If the plan commission’s vote were to come in September, or earlier, the 90-day clock would wind down before the end of this year.

10 thoughts on “New studies could inform August plan commission review of 6,000-unit development in SW Bloomington

  1. What about the affordability of the housing units under consideration? Will this increase the housing supply for the average and below average household income families? And will there be accessible housing units included?

    1. new housing is never the cheapest, though sometimes it can be “relatively affordable” (like Habitat for Humanity). most likely below average household income families will only see indirect benefits, by soaking up demand from more affluent people.

  2. 15% affordable is required, but the plan wants to count ‘beds’ as units – like a Medicare paid bed in an assisted living senior community. Allowing that would reduce the actual number of apartments or homes at the “affordable” level. This plan is enormous and the commission needs to hear from the public- so please come to the Aug 14 meeting – 5:30 at city hall – to express your concerns

    1. Working people who need this development the most are usually working or doing essential chores after working on a Monday at 5:30.

  3. Don’t forget Monroe Reservoir is our only source of water and is silting in faster than originally expected. Do we have a water supply that will support these additional living units?
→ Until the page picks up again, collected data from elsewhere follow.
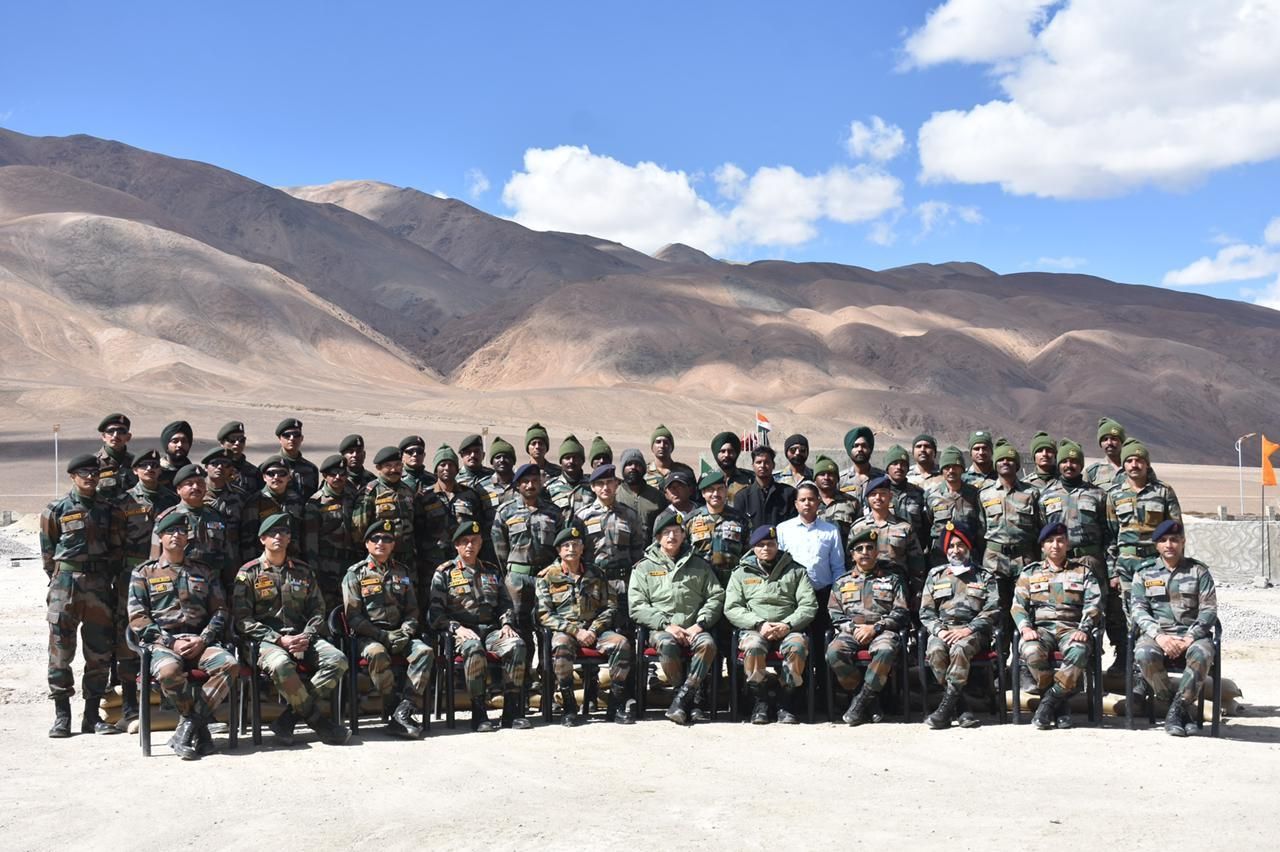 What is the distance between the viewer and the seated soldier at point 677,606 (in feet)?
28.2

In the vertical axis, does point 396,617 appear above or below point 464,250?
below

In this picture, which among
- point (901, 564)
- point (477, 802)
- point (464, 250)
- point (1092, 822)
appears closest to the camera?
point (1092, 822)

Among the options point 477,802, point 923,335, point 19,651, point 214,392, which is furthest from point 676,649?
point 923,335

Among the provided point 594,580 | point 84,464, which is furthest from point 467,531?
point 84,464

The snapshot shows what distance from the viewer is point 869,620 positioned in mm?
8703

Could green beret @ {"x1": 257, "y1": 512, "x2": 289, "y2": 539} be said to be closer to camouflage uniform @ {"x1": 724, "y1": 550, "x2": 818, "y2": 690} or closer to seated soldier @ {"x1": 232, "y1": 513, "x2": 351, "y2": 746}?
seated soldier @ {"x1": 232, "y1": 513, "x2": 351, "y2": 746}

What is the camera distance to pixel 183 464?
30.0ft

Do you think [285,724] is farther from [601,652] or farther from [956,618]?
[956,618]

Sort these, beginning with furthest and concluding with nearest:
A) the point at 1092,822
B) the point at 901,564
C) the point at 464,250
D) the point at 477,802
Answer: the point at 464,250 → the point at 901,564 → the point at 477,802 → the point at 1092,822

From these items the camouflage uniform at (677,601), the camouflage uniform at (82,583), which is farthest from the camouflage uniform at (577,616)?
the camouflage uniform at (82,583)

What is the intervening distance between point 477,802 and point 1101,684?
4317 mm

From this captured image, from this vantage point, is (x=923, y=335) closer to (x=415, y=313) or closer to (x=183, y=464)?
(x=415, y=313)

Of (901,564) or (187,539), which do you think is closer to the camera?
(187,539)

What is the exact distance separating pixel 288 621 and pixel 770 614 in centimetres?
314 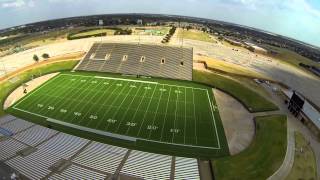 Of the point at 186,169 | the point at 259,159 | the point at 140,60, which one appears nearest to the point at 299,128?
the point at 259,159

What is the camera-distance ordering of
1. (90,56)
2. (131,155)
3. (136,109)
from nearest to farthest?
1. (131,155)
2. (136,109)
3. (90,56)

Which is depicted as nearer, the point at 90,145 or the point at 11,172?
the point at 11,172

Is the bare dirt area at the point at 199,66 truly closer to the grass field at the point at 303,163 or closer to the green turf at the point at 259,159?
the green turf at the point at 259,159

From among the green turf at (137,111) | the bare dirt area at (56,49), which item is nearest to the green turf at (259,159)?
the green turf at (137,111)

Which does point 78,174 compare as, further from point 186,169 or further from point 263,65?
point 263,65

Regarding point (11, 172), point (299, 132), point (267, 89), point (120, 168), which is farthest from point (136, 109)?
point (267, 89)

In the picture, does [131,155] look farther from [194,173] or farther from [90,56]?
[90,56]

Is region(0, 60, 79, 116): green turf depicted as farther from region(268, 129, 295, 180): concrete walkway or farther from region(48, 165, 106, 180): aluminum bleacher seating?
region(268, 129, 295, 180): concrete walkway
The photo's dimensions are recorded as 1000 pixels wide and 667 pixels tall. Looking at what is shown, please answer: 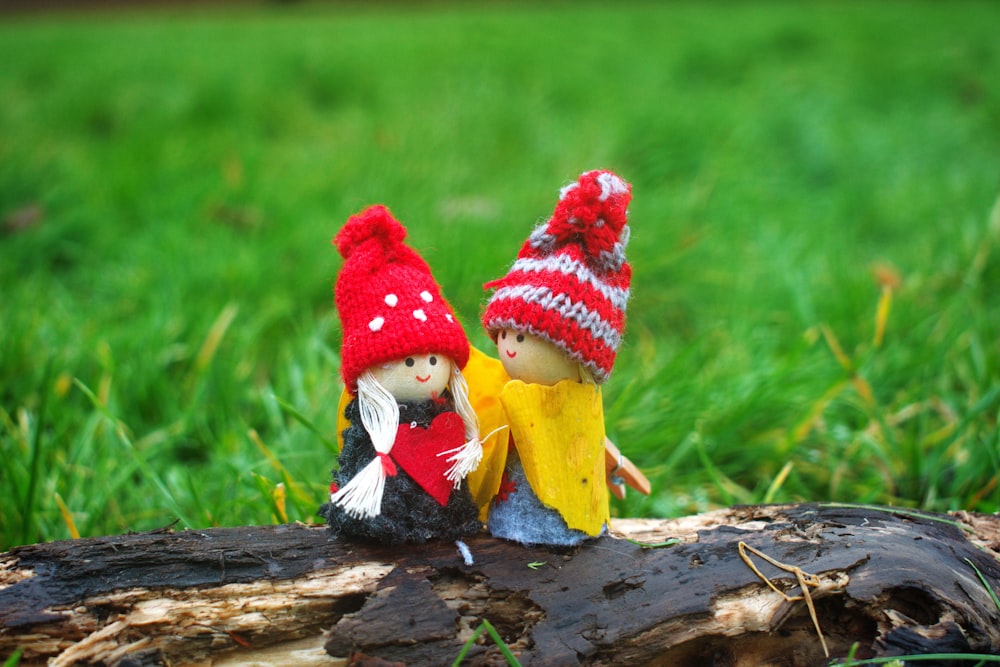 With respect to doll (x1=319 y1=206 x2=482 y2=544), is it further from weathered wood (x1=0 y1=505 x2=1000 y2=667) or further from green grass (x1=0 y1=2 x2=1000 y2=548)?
green grass (x1=0 y1=2 x2=1000 y2=548)

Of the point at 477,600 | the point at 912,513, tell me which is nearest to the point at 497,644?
the point at 477,600

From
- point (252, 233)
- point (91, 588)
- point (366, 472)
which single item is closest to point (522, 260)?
point (366, 472)

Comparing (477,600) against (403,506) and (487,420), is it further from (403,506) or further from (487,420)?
(487,420)

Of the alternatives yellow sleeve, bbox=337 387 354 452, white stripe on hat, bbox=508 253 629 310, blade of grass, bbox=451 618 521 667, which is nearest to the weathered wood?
blade of grass, bbox=451 618 521 667

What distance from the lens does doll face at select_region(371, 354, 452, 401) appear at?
118cm

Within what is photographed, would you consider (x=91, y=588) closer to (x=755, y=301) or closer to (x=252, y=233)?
(x=252, y=233)

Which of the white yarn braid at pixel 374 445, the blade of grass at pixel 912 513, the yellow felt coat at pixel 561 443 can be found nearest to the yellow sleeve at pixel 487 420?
the yellow felt coat at pixel 561 443

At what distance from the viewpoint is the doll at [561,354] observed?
3.80ft

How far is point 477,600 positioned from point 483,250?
1.47 m

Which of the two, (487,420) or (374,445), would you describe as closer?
(374,445)

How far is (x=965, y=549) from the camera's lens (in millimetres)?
1283

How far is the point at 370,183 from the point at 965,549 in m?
2.27

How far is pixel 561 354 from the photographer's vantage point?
3.88 feet

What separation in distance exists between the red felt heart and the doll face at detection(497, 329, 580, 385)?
5.6 inches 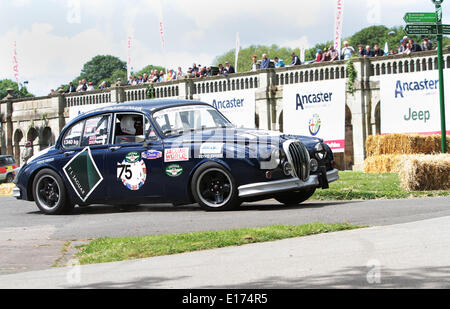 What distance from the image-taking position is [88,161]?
1268 cm

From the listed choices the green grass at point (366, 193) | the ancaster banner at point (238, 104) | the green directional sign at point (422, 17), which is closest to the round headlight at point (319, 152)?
the green grass at point (366, 193)

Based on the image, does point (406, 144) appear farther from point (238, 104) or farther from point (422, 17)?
point (238, 104)

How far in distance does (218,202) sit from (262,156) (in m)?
1.05

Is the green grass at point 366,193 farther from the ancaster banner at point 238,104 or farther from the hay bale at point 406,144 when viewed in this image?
the ancaster banner at point 238,104

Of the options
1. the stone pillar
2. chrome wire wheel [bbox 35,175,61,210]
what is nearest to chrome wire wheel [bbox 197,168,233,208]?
chrome wire wheel [bbox 35,175,61,210]

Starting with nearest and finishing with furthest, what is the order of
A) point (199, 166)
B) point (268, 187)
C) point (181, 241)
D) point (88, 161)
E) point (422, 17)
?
point (181, 241)
point (268, 187)
point (199, 166)
point (88, 161)
point (422, 17)

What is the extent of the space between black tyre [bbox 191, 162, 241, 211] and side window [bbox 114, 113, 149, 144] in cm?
142

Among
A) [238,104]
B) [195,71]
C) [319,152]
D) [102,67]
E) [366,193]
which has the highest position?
[102,67]

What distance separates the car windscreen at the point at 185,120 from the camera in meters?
12.3

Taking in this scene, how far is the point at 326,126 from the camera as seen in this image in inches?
1292

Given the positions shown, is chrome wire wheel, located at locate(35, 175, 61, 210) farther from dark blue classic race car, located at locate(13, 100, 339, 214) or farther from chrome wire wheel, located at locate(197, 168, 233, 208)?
chrome wire wheel, located at locate(197, 168, 233, 208)

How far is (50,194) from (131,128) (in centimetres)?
199

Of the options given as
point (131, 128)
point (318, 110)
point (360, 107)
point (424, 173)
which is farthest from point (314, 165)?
point (360, 107) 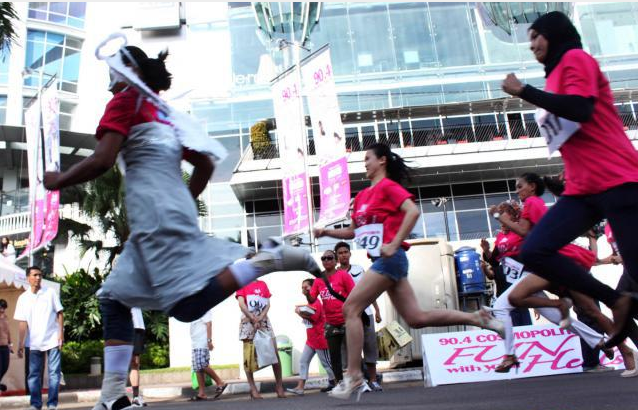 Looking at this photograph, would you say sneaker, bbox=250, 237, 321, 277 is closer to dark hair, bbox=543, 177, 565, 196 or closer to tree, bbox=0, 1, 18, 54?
dark hair, bbox=543, 177, 565, 196

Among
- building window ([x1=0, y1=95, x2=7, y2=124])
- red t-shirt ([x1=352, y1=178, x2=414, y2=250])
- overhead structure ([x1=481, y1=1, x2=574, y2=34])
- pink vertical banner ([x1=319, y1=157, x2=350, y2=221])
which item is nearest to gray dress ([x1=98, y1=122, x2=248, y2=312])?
red t-shirt ([x1=352, y1=178, x2=414, y2=250])

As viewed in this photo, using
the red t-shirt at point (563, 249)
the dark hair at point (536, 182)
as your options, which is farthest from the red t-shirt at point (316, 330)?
the red t-shirt at point (563, 249)

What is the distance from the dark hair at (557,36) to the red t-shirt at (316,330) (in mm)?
6366

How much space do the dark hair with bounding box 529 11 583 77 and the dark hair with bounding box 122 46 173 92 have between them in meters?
2.00

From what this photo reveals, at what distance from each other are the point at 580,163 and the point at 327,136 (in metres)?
13.3

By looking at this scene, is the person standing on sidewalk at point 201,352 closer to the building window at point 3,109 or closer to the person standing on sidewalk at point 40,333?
the person standing on sidewalk at point 40,333

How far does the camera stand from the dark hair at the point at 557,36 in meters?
3.30

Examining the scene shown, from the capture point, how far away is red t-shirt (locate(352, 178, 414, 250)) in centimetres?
458

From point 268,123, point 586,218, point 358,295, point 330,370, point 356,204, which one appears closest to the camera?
point 586,218

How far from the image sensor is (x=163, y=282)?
2.70 m

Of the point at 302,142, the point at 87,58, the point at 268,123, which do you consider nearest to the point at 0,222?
the point at 87,58

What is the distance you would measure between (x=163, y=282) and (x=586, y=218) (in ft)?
6.83

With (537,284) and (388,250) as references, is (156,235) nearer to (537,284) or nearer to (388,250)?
(388,250)

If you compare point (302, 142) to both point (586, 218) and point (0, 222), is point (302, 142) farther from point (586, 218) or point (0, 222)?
point (0, 222) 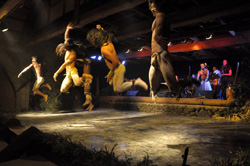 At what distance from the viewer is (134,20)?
6629 mm

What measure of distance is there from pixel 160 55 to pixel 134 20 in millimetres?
4234

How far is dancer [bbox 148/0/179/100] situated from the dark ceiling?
51.7 inches

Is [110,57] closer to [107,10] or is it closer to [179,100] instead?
[107,10]

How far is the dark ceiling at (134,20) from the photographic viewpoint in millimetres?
4617

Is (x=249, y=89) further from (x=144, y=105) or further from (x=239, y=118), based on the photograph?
(x=144, y=105)

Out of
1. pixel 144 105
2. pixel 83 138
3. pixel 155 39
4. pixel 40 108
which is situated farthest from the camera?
pixel 40 108

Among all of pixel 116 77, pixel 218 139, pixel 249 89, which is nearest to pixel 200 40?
pixel 249 89

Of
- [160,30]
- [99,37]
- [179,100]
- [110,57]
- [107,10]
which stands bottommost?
[179,100]

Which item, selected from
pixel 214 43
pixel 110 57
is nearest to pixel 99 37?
pixel 110 57

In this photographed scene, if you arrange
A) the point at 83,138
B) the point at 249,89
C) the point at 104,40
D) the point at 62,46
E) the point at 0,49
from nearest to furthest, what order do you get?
the point at 104,40, the point at 83,138, the point at 62,46, the point at 249,89, the point at 0,49

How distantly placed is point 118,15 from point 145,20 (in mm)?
941

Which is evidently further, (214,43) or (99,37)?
(214,43)

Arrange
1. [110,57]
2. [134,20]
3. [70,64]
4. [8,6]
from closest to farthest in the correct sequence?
[110,57]
[70,64]
[8,6]
[134,20]

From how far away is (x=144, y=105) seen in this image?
941 cm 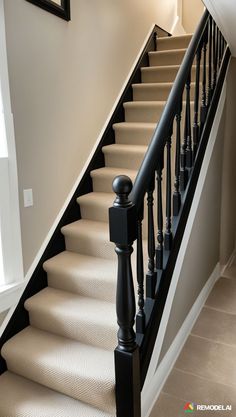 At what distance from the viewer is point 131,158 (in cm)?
303

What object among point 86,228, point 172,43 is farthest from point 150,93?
point 86,228

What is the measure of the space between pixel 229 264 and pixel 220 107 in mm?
1724

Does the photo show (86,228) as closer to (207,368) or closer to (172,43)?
(207,368)

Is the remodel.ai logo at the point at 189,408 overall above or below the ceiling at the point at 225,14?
below

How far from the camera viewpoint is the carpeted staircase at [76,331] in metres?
1.75

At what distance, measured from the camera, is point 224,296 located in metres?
3.02

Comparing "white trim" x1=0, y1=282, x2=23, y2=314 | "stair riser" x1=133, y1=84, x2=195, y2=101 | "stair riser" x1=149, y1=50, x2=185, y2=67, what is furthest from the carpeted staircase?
"stair riser" x1=149, y1=50, x2=185, y2=67

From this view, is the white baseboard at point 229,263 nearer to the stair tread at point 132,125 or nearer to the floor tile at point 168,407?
the stair tread at point 132,125

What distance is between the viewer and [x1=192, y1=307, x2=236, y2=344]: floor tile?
247 centimetres

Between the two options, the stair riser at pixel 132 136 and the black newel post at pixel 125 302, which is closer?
the black newel post at pixel 125 302

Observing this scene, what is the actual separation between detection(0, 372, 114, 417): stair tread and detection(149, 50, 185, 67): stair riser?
11.1 feet

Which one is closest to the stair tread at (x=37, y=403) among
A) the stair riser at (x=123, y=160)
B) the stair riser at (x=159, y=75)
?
the stair riser at (x=123, y=160)

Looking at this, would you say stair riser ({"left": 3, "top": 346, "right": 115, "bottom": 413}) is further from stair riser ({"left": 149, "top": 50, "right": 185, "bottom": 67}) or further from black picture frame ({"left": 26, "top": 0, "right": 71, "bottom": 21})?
stair riser ({"left": 149, "top": 50, "right": 185, "bottom": 67})

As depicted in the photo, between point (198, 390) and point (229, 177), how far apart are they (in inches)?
83.4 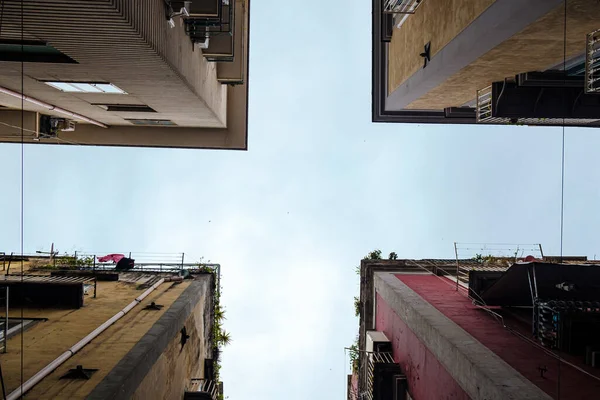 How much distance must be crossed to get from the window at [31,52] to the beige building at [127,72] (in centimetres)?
2

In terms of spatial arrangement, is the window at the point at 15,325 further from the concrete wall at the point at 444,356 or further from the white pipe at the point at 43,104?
the concrete wall at the point at 444,356

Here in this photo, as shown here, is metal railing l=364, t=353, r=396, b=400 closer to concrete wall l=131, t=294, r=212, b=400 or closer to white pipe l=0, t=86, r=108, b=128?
concrete wall l=131, t=294, r=212, b=400

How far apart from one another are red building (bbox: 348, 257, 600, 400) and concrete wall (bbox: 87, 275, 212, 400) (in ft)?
18.8

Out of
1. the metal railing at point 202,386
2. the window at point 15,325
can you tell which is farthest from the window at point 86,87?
the metal railing at point 202,386

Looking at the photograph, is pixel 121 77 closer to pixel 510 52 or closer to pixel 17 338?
pixel 17 338

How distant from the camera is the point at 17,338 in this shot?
9125 mm

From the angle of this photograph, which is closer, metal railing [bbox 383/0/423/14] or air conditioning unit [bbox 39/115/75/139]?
metal railing [bbox 383/0/423/14]

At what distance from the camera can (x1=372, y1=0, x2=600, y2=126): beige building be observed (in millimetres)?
8305

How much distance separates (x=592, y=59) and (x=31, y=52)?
11.5 metres

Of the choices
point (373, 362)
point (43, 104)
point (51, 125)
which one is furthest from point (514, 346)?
point (51, 125)

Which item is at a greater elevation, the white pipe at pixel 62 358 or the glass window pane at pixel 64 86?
the glass window pane at pixel 64 86

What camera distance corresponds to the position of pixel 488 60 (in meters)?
10.8

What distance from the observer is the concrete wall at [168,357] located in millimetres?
8032

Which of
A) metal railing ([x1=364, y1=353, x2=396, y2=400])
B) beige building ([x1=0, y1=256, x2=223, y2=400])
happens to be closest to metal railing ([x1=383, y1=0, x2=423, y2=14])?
metal railing ([x1=364, y1=353, x2=396, y2=400]) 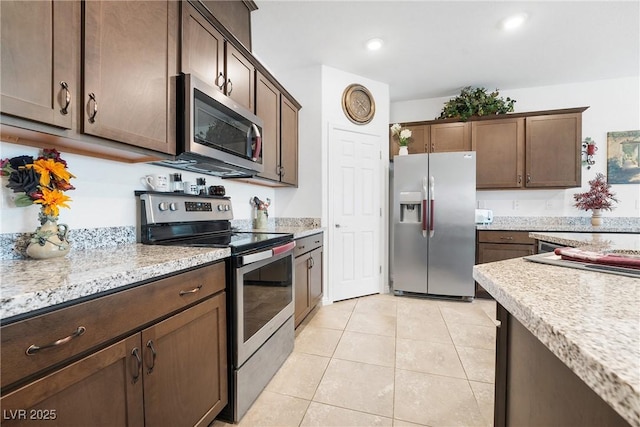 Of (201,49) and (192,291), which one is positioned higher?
(201,49)

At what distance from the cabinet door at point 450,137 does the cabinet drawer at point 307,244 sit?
2.01 meters

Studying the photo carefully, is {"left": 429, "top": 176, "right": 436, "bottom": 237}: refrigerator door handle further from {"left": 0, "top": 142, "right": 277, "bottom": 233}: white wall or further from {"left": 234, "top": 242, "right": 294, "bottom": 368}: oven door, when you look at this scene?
{"left": 0, "top": 142, "right": 277, "bottom": 233}: white wall

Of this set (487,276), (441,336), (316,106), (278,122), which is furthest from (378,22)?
(441,336)

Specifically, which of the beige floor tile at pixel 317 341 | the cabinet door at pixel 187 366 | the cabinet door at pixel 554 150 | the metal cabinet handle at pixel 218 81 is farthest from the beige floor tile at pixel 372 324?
the cabinet door at pixel 554 150

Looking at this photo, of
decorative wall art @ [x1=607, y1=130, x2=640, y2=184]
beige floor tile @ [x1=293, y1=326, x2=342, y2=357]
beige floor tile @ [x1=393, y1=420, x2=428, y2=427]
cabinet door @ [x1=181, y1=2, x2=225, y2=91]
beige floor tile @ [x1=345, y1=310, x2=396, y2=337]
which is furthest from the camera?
decorative wall art @ [x1=607, y1=130, x2=640, y2=184]

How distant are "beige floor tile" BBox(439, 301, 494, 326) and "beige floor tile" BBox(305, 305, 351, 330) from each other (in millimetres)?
961

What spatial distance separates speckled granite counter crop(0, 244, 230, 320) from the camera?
2.14 ft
    1. Why do you get to live in Bloomington but not new residents? Or what about current residents that have lived in Bloom for decades while renting, don’t they have a right for greater rental choices if there is a market for it? Water supply should be reinforced if and when it is needed and that should have nothing to do with gatekeeping current property owners.

    2. The water supply is not a trivial issue. I’ve heard CBU mention that reactivating Lake Lemon, etc., is already being discussed. Of course, government bodies could impose all kinds of water use restrictions (e.g. regulated water use for pools and lawns with heavy penalties for violations) and policing use as they are doing in the West, particularly the Southwest. That is another type of solution to our populating areas that increasingly cannot sustain the number of people living there.

    1. Hi Joe! The land is owned by Sudbury Development Partners, LLC, the same group that is proposing the rezone. They bought it in February of 2023 for about $13.2 million. So this is not a situation where there’s a contract to purchase the property, contingent on approval of the rezone.

  4. this is such a complicated project, i don’t really know what to say. our need for housing — and for development of the gaps on the southwest of the city (a kind of infill, which is better than some designs for sprawl) — is so great that i tend to overlook the odd location. but the transportation infrastructure will need to be addressed.

    but i’m mostly just replying because i almost fell off my couch when i read that TIF funding might be used for providing public infrastructure in advance of actual greenfied development that would pay for that infrastructure with its property taxes. that’s the very image of the intended purpose of the TIF mechanism and i had almost given up on seeing it used as intended! of course, still looking at a unified TIF district with no sunset i guess??….sigh.